Cedarwood Porch Floors
Cedarwood is another attractive, and natural porch flooring option, but is also rather expensive. It’s naturally resistant to weather, mold, rot, and vermin, and like redwood, does not require a sealant. It can last for decades under normal usage and is more readily available than redwood. However, it’s also just as expensive as redwood, ranging in price from $17 to $23 per square foot for just the flooring materials and installation.

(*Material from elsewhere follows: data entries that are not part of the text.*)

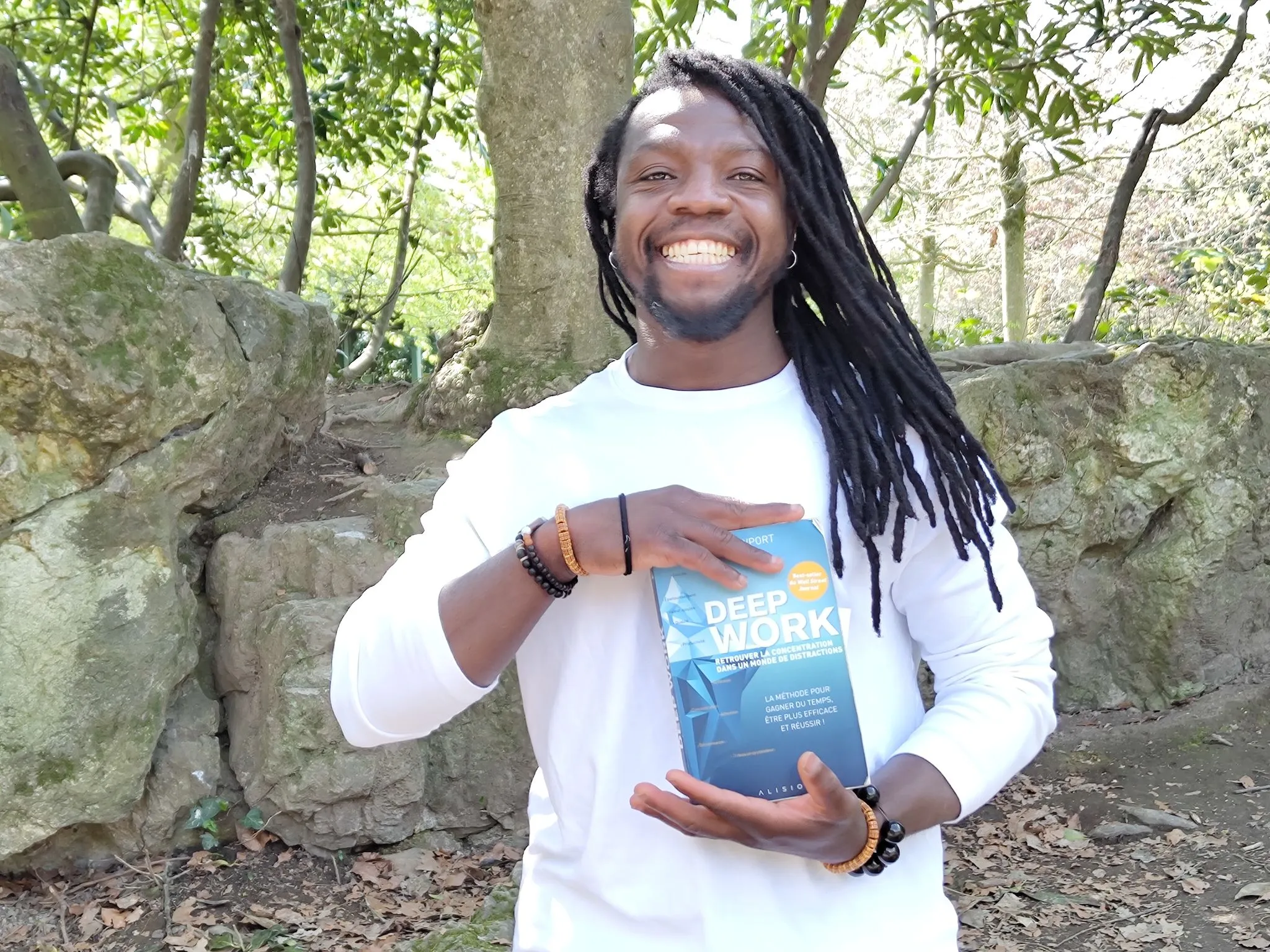 Photo de Yaya, fondateur de Soif de Connaissances, en train de sourire avec le livre de Cal Newport "Deepwork" lors d'un tournage vidéo.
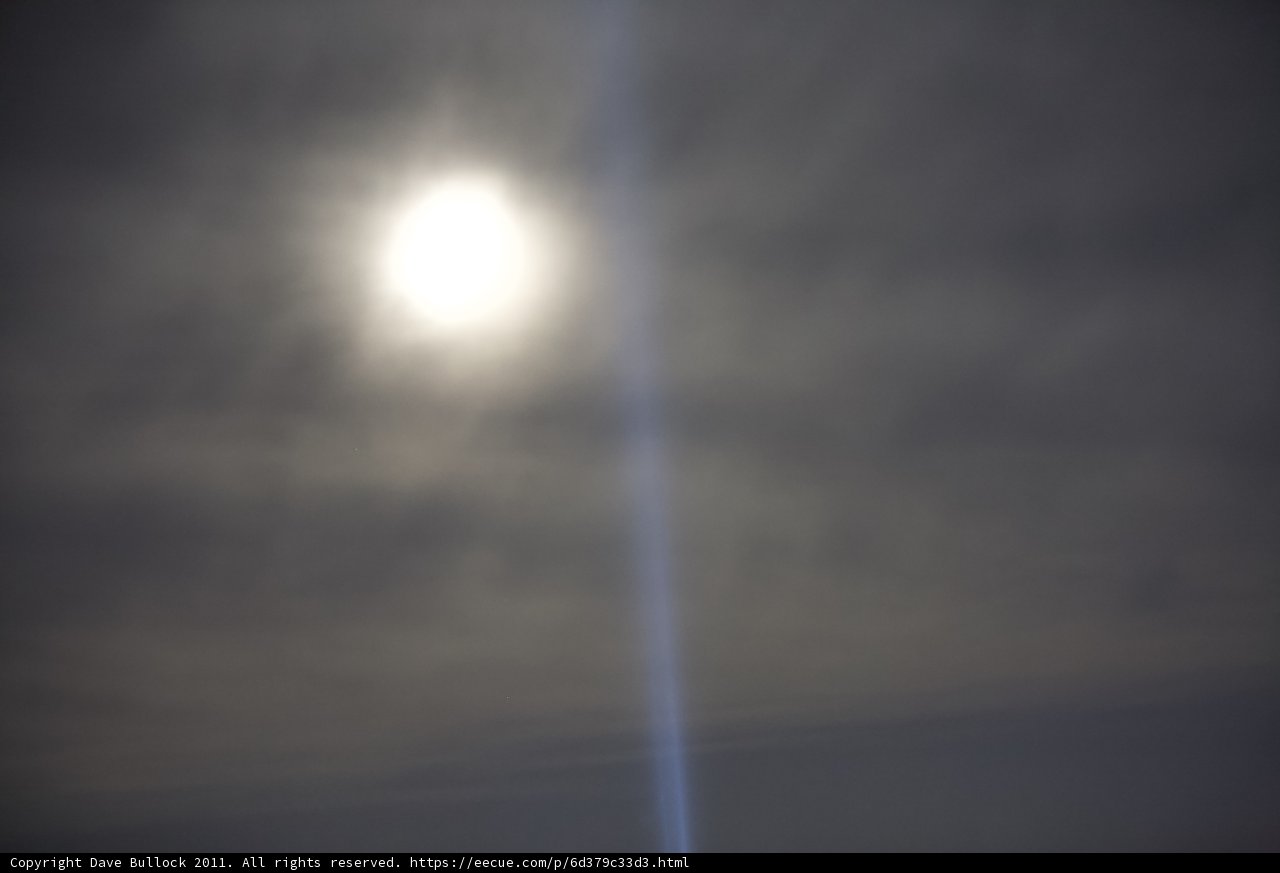 Sun's Flare through Wispy Clouds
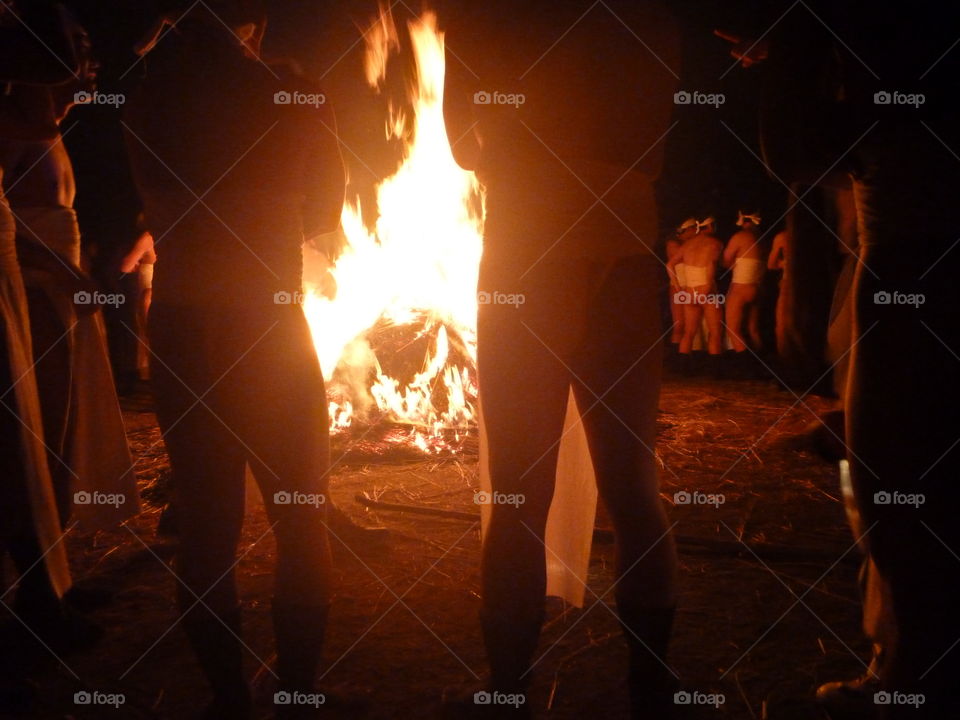 Men wearing traditional loincloths gather around a bonfire.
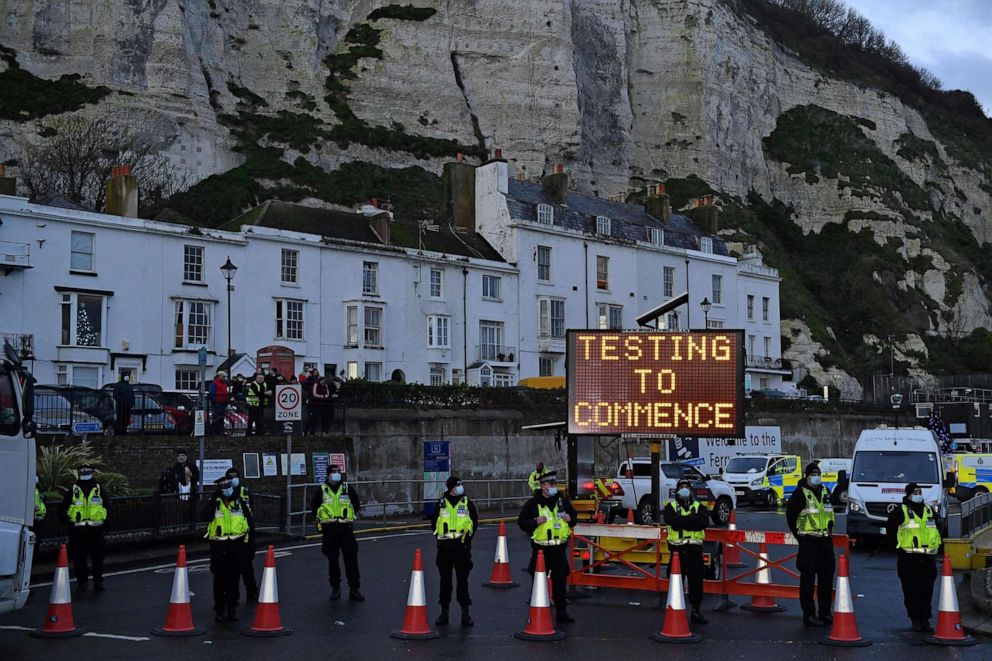 PHOTO: Police officers stand beneath a sign reading "Testing to Commence", at the entrance to the Port of Dover in Kent, south east England, on Dec. 23, 2020, where COVID-19 testing is set to begin on drivers who have been queueing to leave the UK.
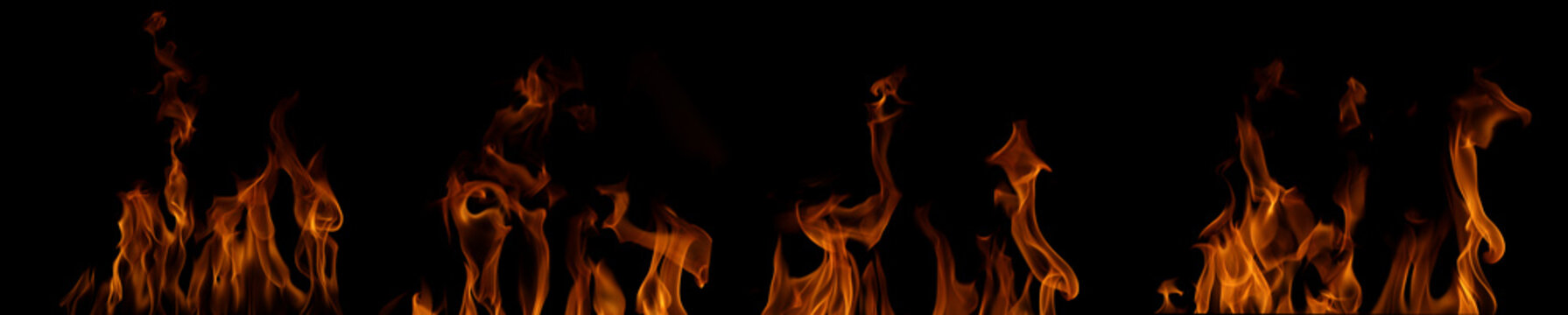 Realistic isolated fire flames on black background, glowing orange blaze element with transparent style, burning heat effect for overlay, design, composite and dramatic visuals.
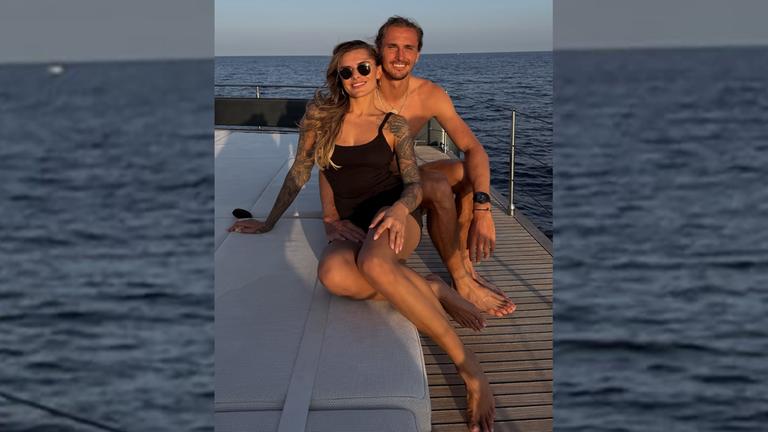 Sophia Thomalla (links) und Alexander Zverev sitzen auf einem Boot und lächeln in die Kamera.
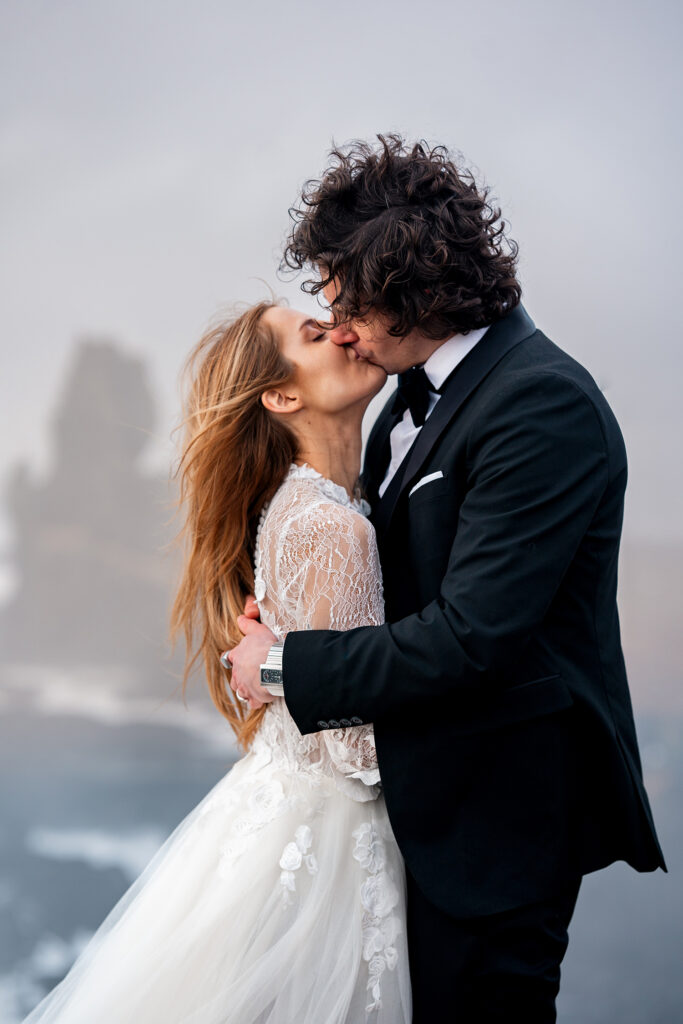bride and groom in tux and white wedding dress kiss on cliffs overlooking ocean in Iceland elopement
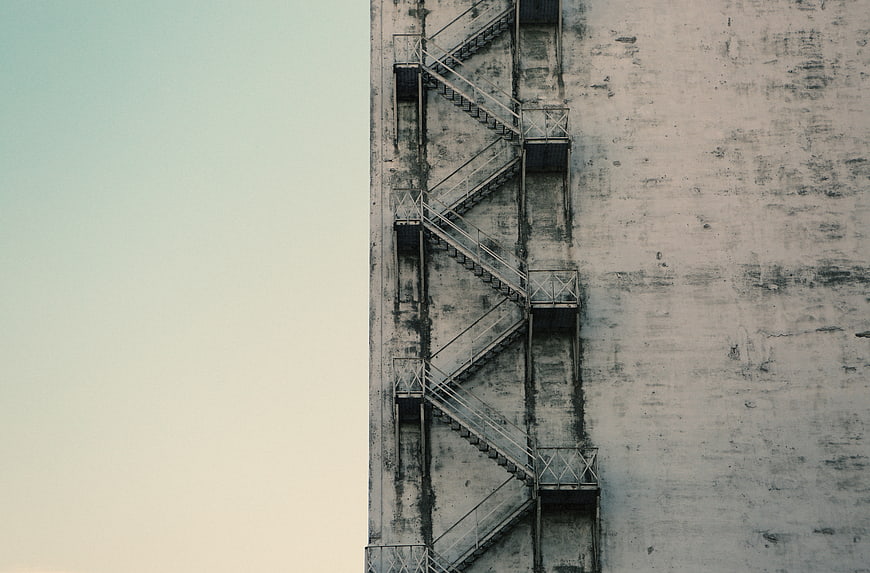 Minimalist Concrete Fire Escape Stairs Against Sky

Resilient Vinyl Click Together Flooring
No longer just for interiors, vinyl is resistant to water, stains, vermin, mold, and almost anything the natural environment can throw at it. It’s low maintenance, easy to clean, and the factory generally UV treats it. It’s also relatively inexpensive. With porch flooring, you generally find vinyl in the form of planks and boards, which assemble by clicking together to form an integrated overall structure. Ranging in price from $8 – $10 per square foot (though high-end options can go as high as $20), it’s affordable as well as durable. However, despite UV protection, its coloration can begin to fade over time due to overexposure.
Plastic Wood Composites
These materials consist of recycled plastic that’s mixed with discarded wood fibers, creating a composite that has the properties of both. It looks a lot like natural wood, and is extremely durable and resistant to damage, water, stains, mold, and UV fading. They also won’t splinter or crack. They can last for decades with no-to-little maintenance, and many retailers will even offer a 10-20-year warranty on plastic wood composites. Composites are great for interior and exterior porches, but they can also be expensive, averaging $18 to $22 per square foot. They tend to last a long time, though there can be some fading with age. Also keep in mind though that in some cases, local zoning boards won’t allow this material to be used for environmental reasons.
Brick Porch Flooring
Brick pavers are warm, friendly, natural, and able to weather the environment of most locations. They also add a charming look to any outdoor space! Made from clay that’s fired into tiles, these materials are heavy and are usually only used in porches made entirely from brick or other stone materials. When you install, you should treat the floor surface at least once with a UV shield chemical sealant. After that, you can reapply periodically, or let the bricks shape and wear with the weather.